Tuesday, December 12, 2017

Tonya Harding Rolls with the Punches

I, Tonya, which explores the public perception of this country’s most notorious ice queen, could not be timelier. These days—when image is everything and a future president once bragged that his great popularity would allow him to get away with murder—the story of figure-skater Tonya Harding seems right on the money in terms of the way we Americans look at crime. What happened backstage at a Detroit ice arena two decades ago definitely has legs, and this new film brought it all flashing back to me.

I’m a fan of competitive figure-skating, especially when the Winter Olympics are drawing near. So I absolutely remember the build-up to the 1994 U.S. Figure Skating Championships, which would determine the American skaters who’d vie for Olympic gold. The ladies’ event pitted Nancy Kerrigan, a slender, fragile-looking young lady from Massachusetts who was known for her grace on the ice against Tonya Harding, a solidly-built wild-child from Portland, Oregon, renowned for her athleticism. (She was the first American female to successfully land a triple-axel in competition.) Unfortunately for Tonya, who came from a working-class background, she never fit neatly into the genteel world of ladies’ figure-skating. In an arena where it helped to seem delicate and demure, she was a powerhouse on the ice. The product of two bad marriages (her mother’s and her own), she projected an image that was tough as nails, and she had the mouth (as well as the swagger) to turn judges against her.

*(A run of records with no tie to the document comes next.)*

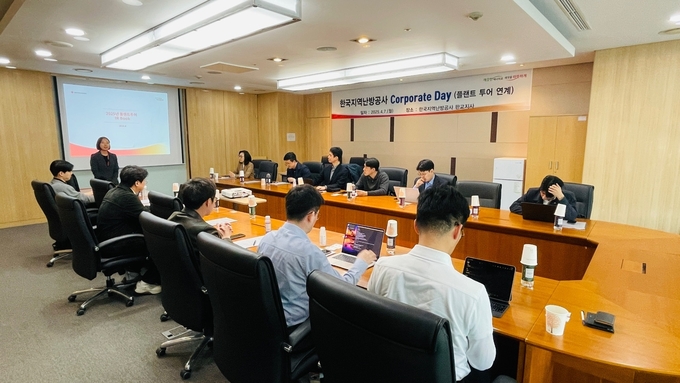 한국지역난방공사가 기관투자자 및 애널리스트를 초청해 기업설명회(IR)를 개최하고 있다. (사진=한국지역난방공사 제공)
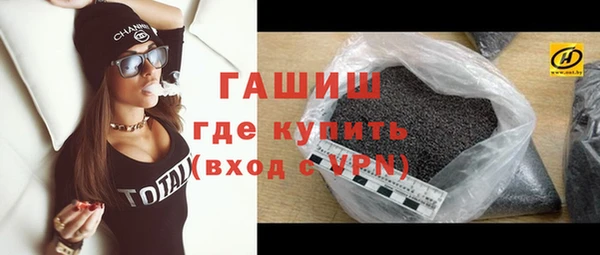 мефедрон Бугульма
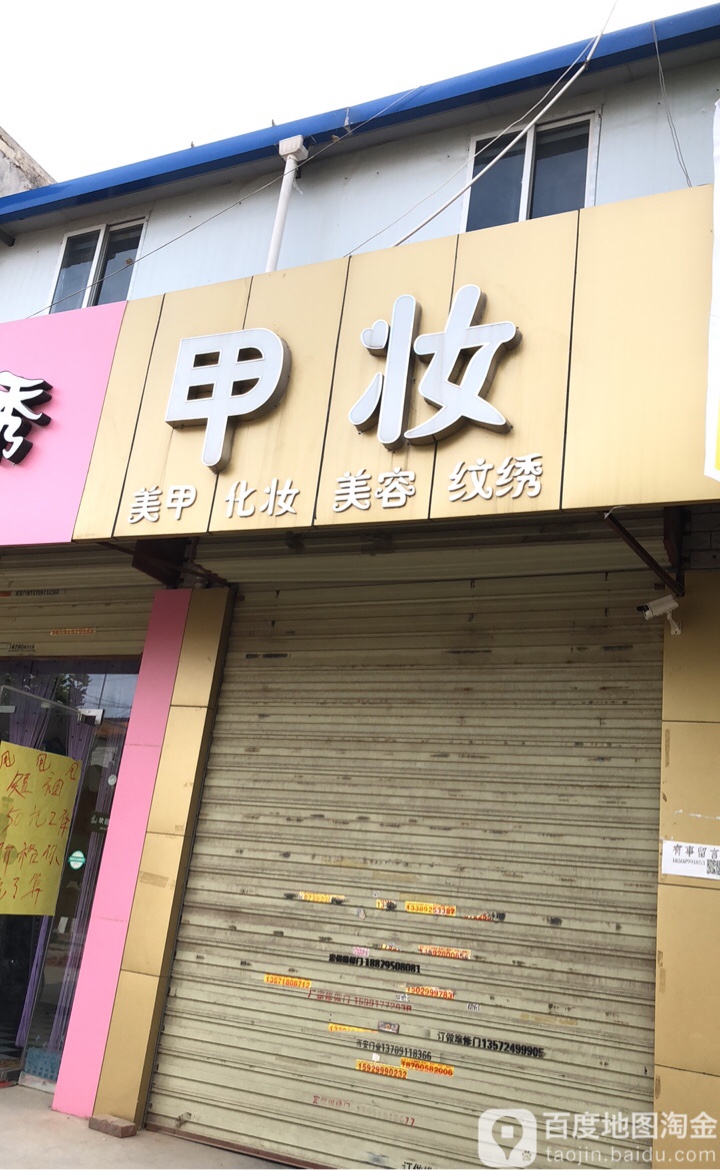 甲装美甲(大义街店)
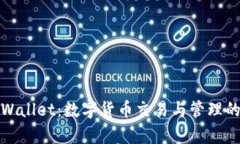 欧易与tpWallet：数字货币交易与管理的最佳选择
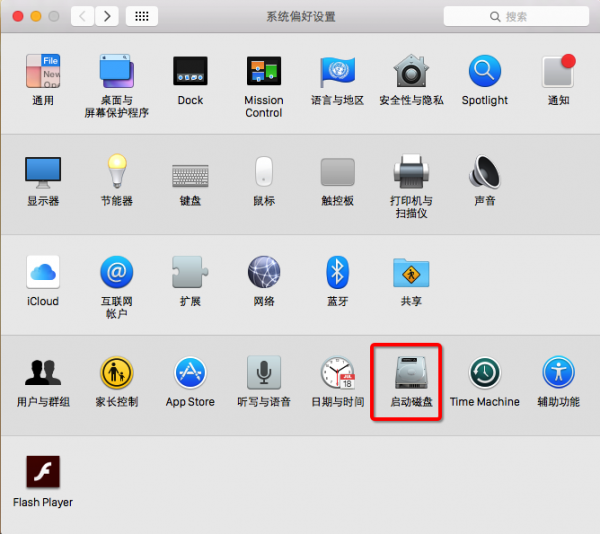 Mac中如何默認啟動為Windows？Mac設置默認啟動項為Windows的方法
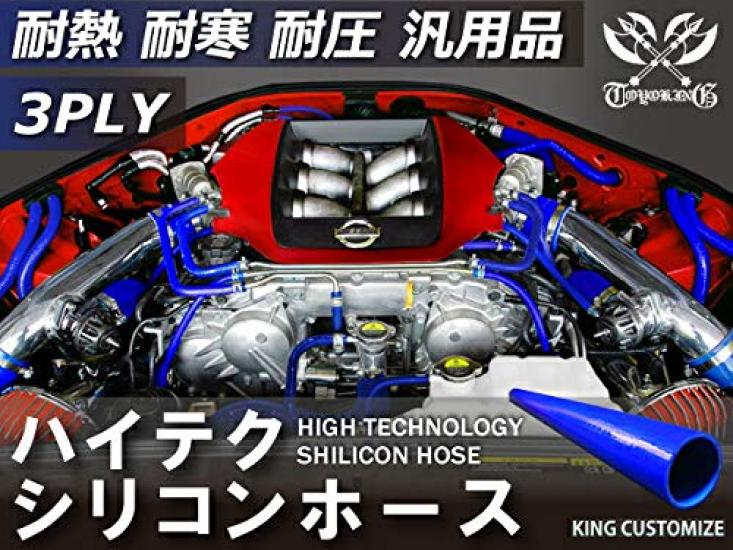 TOYOKING Silicone Straight Same 28mm Inner 1000mm No Universal Fit for and Radiator Hose Connections High-Tech Tube, Heat-Resistant Hose, Long,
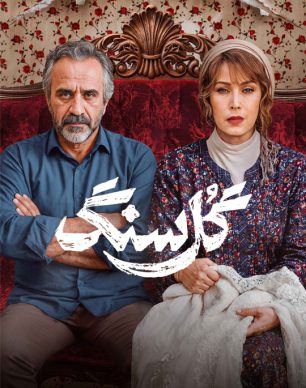 دانلود سریال گل سنگ قسمت ۱ اول
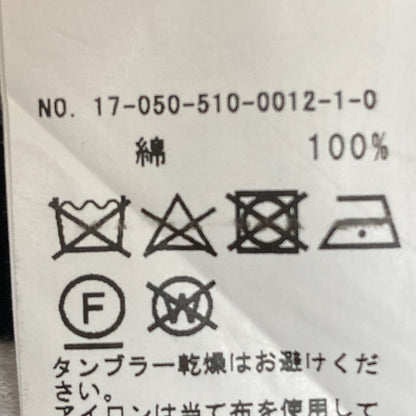 Sincerely Tommy オフショルダー ギャザーブラウス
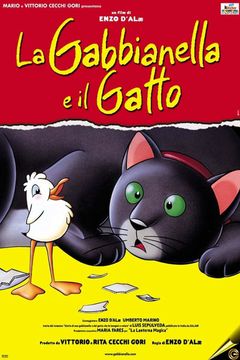 Locandina La gabbianella e il gatto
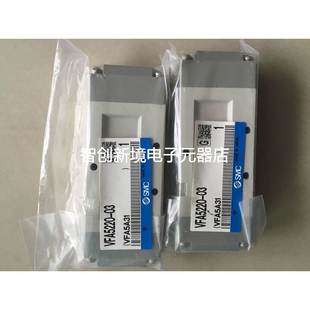 3230 现货 VFA5220 5420 5320 3130 SMC电磁阀 全新原装
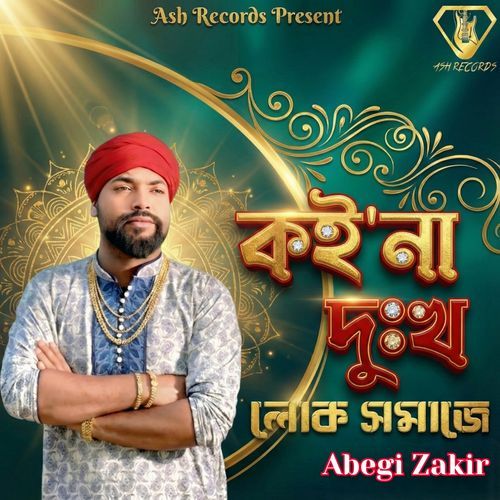 Koi Na Dukko Luk Shomaje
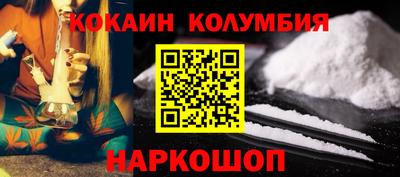 дмт Рыбинск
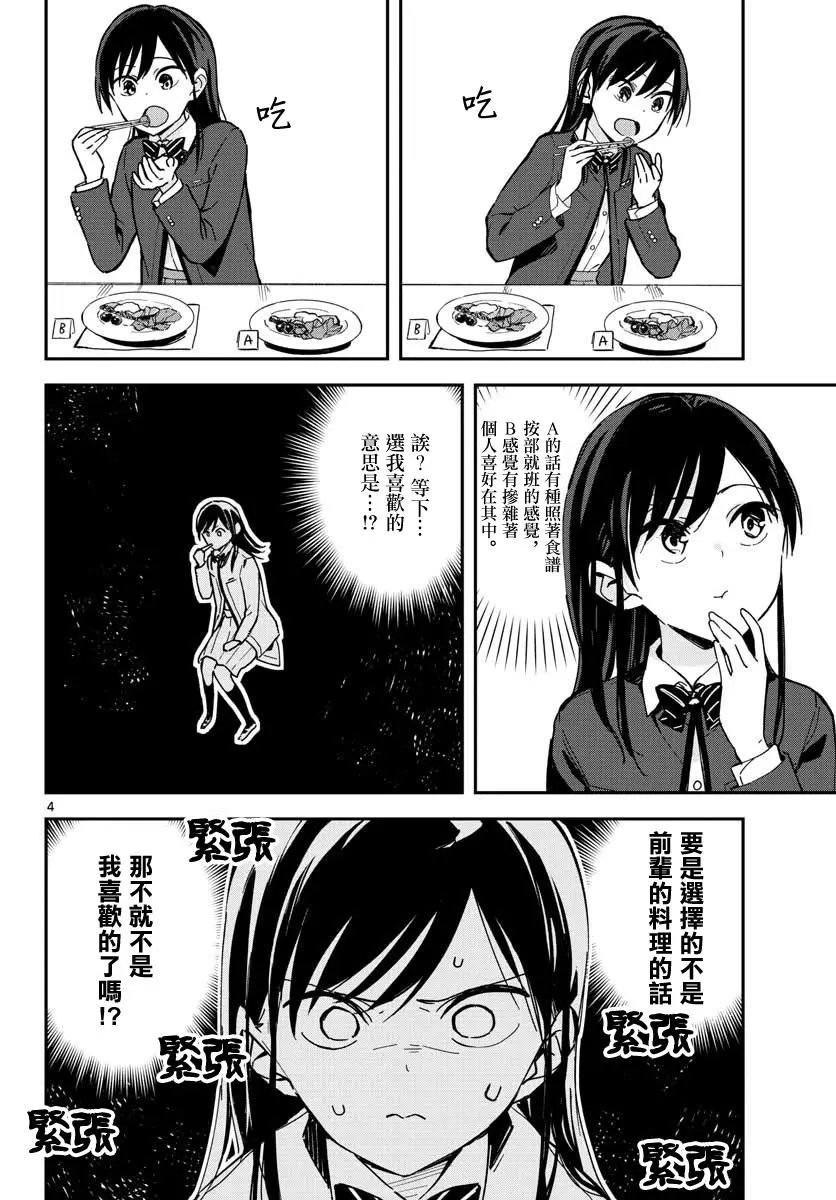 连载04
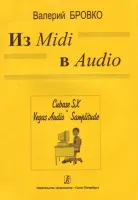 Бровко В. Из Midi в Audio, издательство «Композитор»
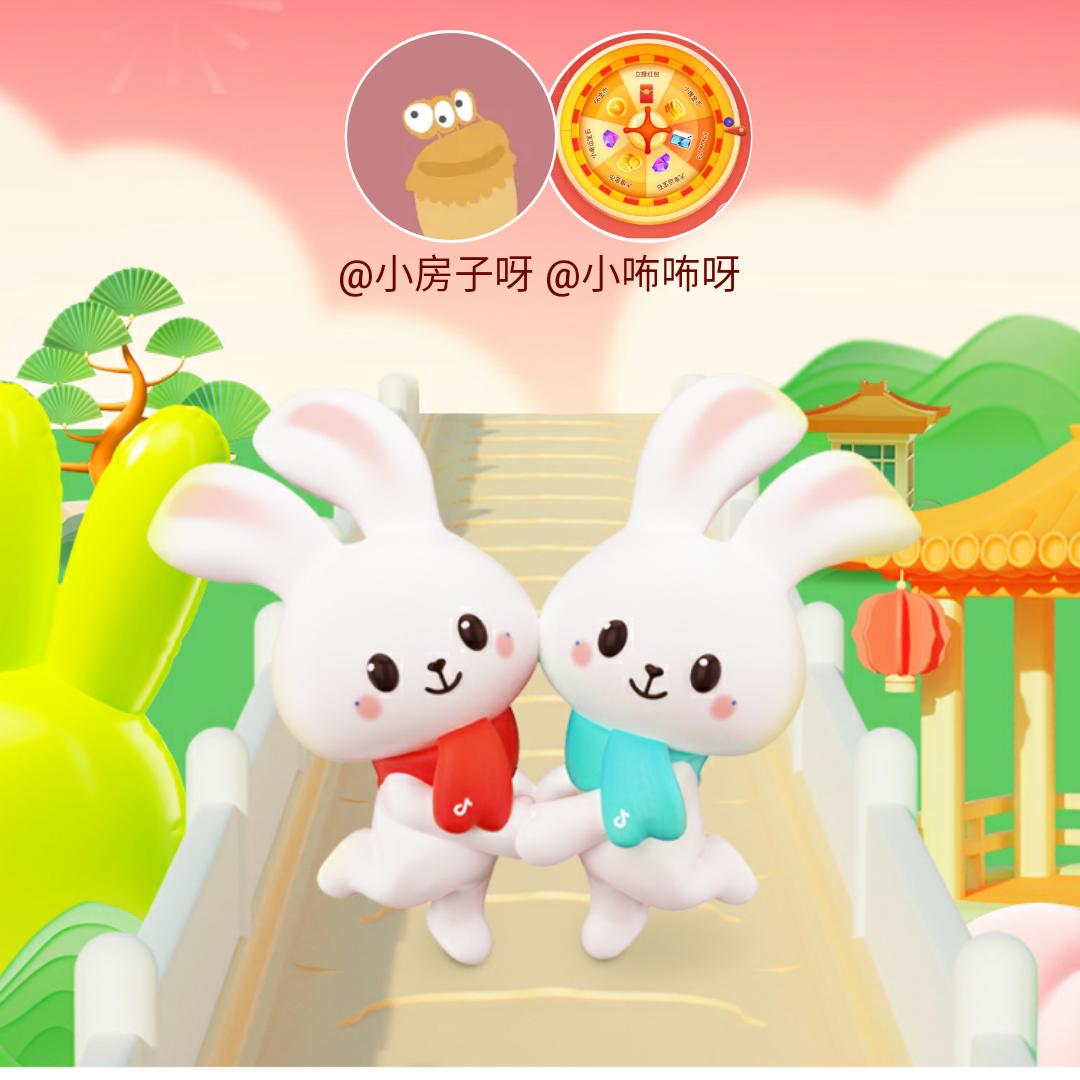 小房子呀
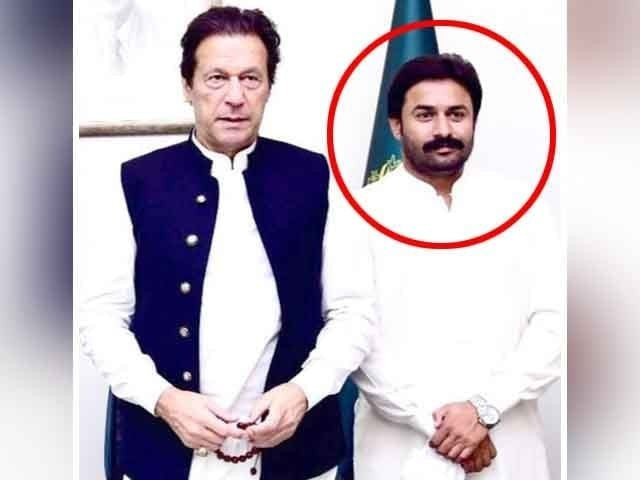former mpa of pti booked under terrorism charges former mpa of pti booked under terrorism charges
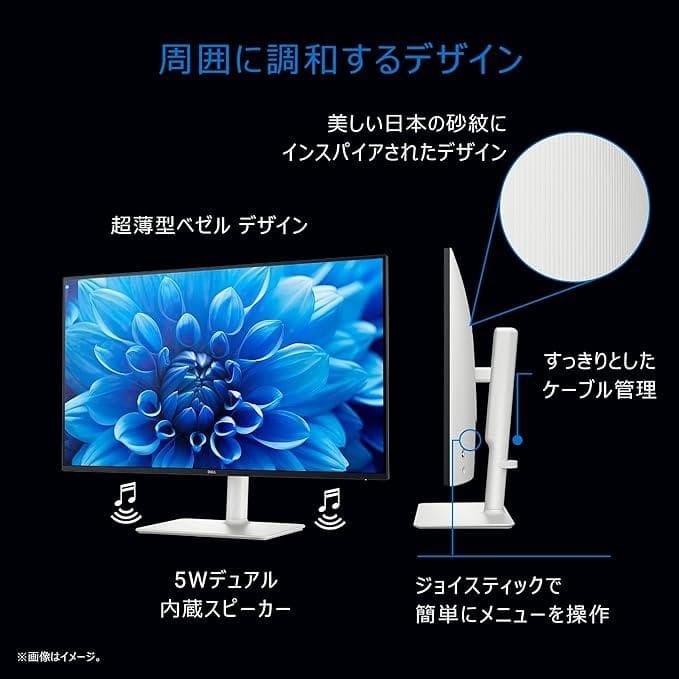 Dell S2725HS-A 27インチ 脚付き モニター 本体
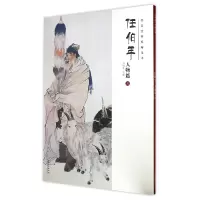 音像任伯年(人物篇3)/经典绘画临摹范本编者:刘明才
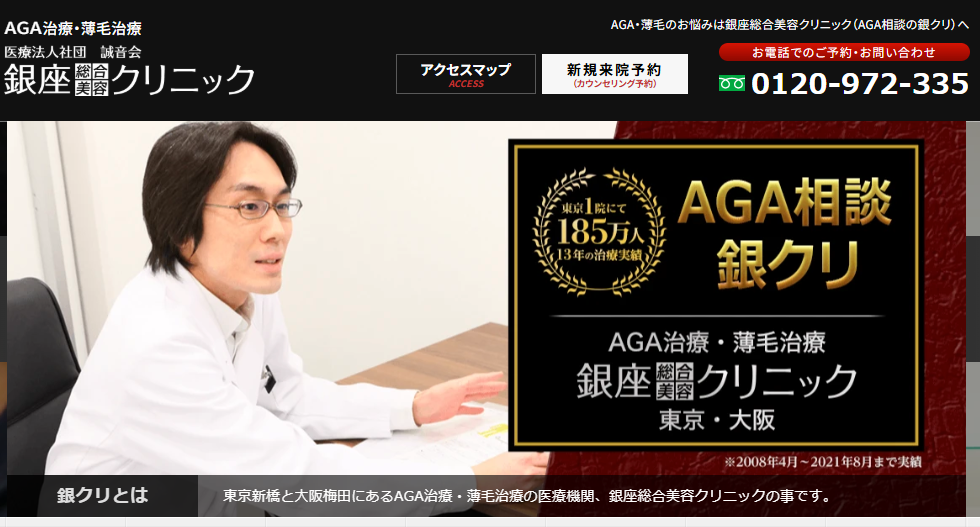 銀座総合美容クリニックのキャプチャ画像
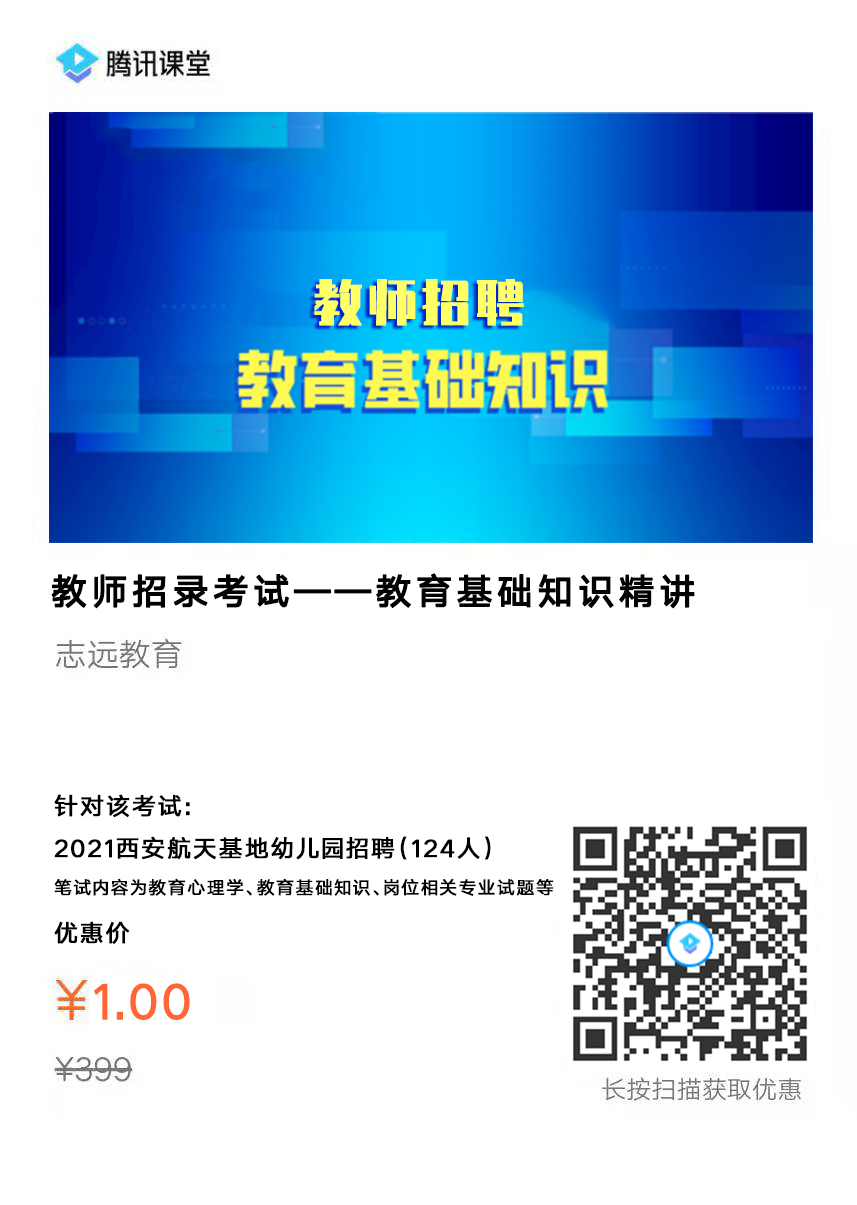 2021Ã¨Â¥Â¿Ã¥ÂÂ¸Ã¦ÂÂ°Ã¥ÂÂºÃ§Â§Â¦Ã¦Â±ÂÃ¦ÂÂ°Ã¥ÂÂÃ¦ÂÂÃ¥Â¸ÂÃ¦ÂÂÃ¨ÂÂÃ¯Â¼Â171Ã¤ÂºÂºÃ¯Â¼Â_Ã¦ÂÂ¥Ã¥ÂÂÃ¥ÂÂ¥Ã¥ÂÂ£(Ã¥ÂÂ¾2)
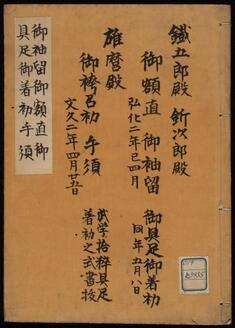 御袖留御額直御具足御着初手順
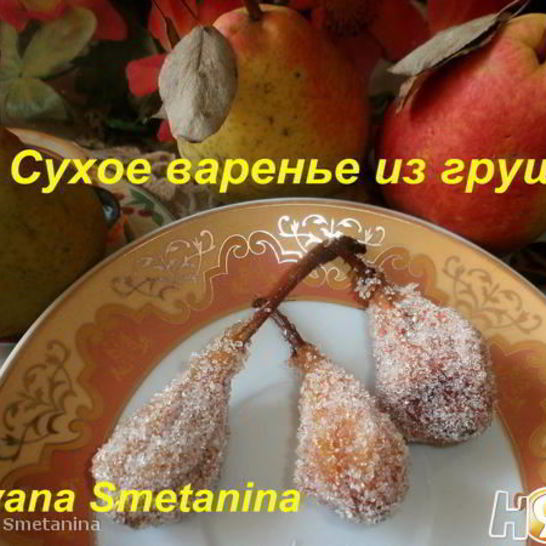 Рецепт киевского сухого варенья из груш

On that infamous evening in Detroit,  Nancy Kerrigan—following a practice session—was felled in an arena hallway by an assailant wielding a metal police baton. The assault badly bruised her leg, but it could have been far worse: her kneecap was the apparent target. The news reports that quickly flashed across the nation featured Kerrigan on the ground, writhing in pain, moaning “Why me?” It didn’t take long to locate the “masterminds” behind the senseless attack: Tonya Harding’s ex-husband and his goofball friend, who was Tonya’s self-anointed body-guard. The question of Harding’s own culpability has never been settled. She has always denied that she knew of the plan, but her innocence is far from certain. In any case, she (so obviously a bad-girl), was quickly declared guilty in the court of public opinion. Today there are those still convinced that SHE was the baton-wielder, striking down her toughest competition for a spot on the Olympic team. The press happily went along with this scenario, which pitted a trailer-trash vixen against a sweet little swan, (Nancy’s big number used music from Tchaikovsky’s Swan Lake.)  

I, Tonya doesn’t exactly set this misperception to rights. Instead, it does something far more interesting, using a documentary format to conduct on-camera interviews with Tonya (Margot Robbie) and the dominant figures in her life, including abusive ex-husband Jeff Gillooly (Sebastian Stan), and her gorgon of a mother, LaVona (the unforgettable Allison Janney). Those interviews give us pieces of the story, but also show us what a rare thing it is to be able to nail down the facts of a notorious public event. Characters contradict one another, and talk back to the camera. At one striking moment Tonya even blames us in the audience for the prurient attention that encourages reporters to run with half-truths. 

The real Tonya Harding was interviewed extensively for this film. In Robbie’s spirited portrayal, she comes across as an often infuriating but ultimately sad figure. Still, she’s a survivor. What did she do after being banned for life from the figure-skating world? In 2003, she debuted as a professional boxer. Ouch!